O pesquisador João Tomé de Farias Neto explica que aumentar e padronizar produção de açaí no Pará são desafios que a pesquisa agropecuária vem enfrentando há muitos anos. A Embrapa já lançou o Manejo de Açaizais Nativos e a cultivar de açaí de terra firme BRS Pará, importantes passos da pesquisa para melhorar a cadeia produtiva dessa palmeira. Mas é a produção na entressafra que hoje representa o maior desafio da pesquisa.

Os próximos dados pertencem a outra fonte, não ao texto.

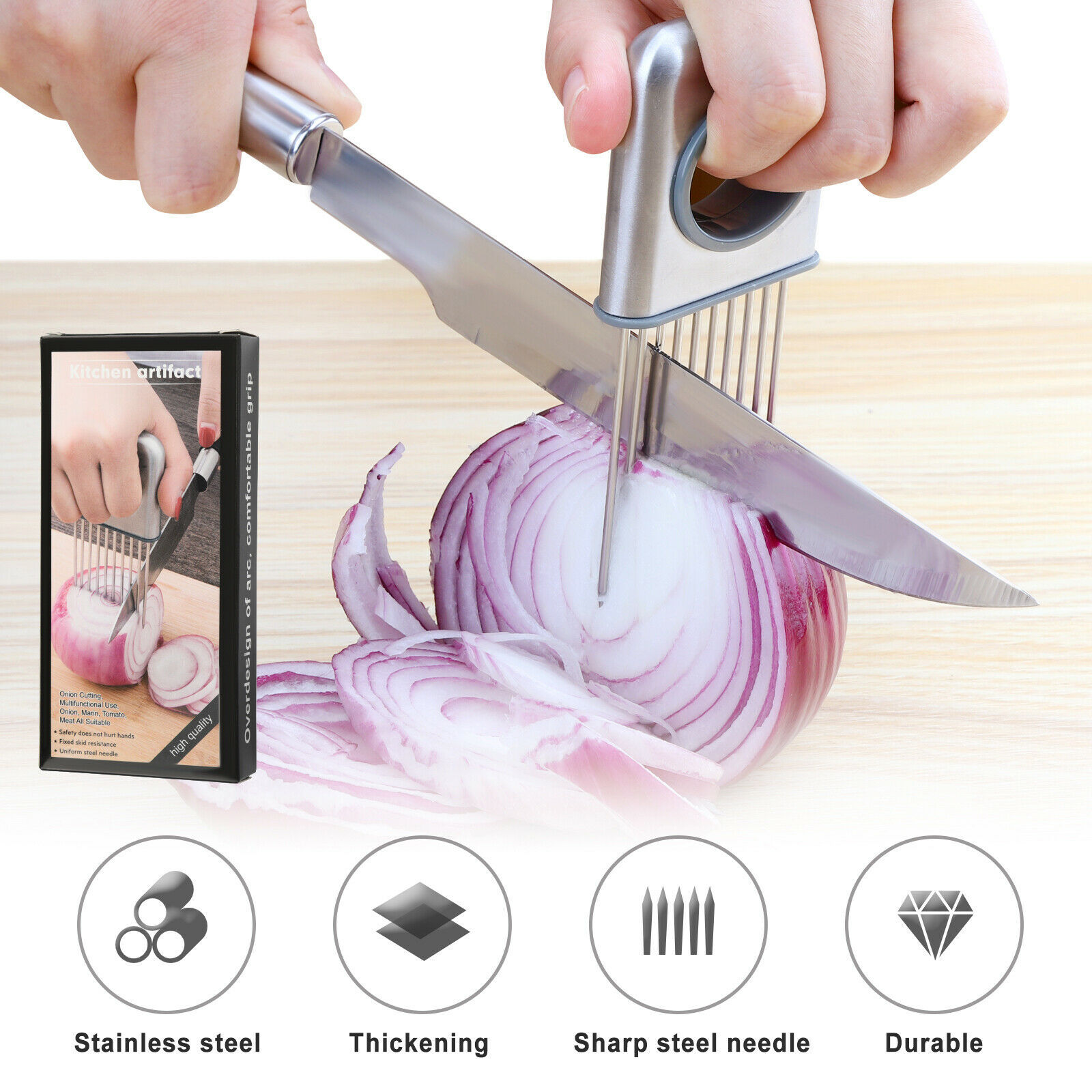 Onion Holder Slicer Vegetable Tools Tomato Cutter Stainless Steel Kitchen Gadget - Image 7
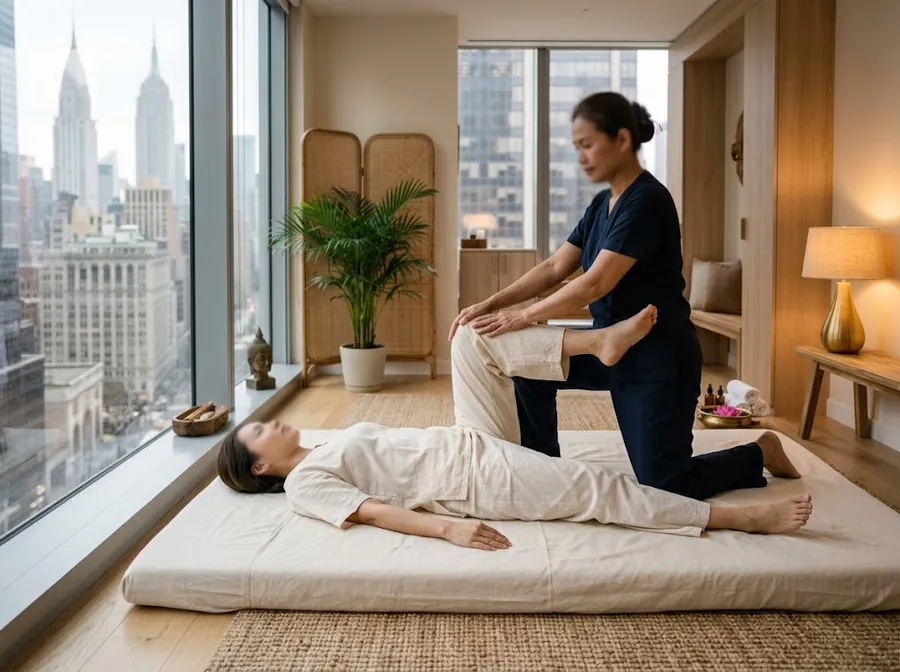 A therapist gently stretching a clothed guest during a traditional Thai massage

“Nos meses de julho a dezembro é que o Pará produz de 70% a 80% do seu açaí, e a pesquisa ainda não conseguiu diminuir essa diferença. Mesmo produzindo mais de 600 mil toneladas de frutos ao ano, essa produção ainda é pouca frente à demanda regional, nacional e internacional”, afirma o pesquisador. Além disso, a produção hoje ainda apresenta alta variabilidade genética, ou seja, diferenças de coloração do fruto, diferenças entre rendimento de polpa, tamanho de plantas e cachos, produtividade, e outros fatores que são obstáculos a uma produção em larga escala e com padrão de qualidade.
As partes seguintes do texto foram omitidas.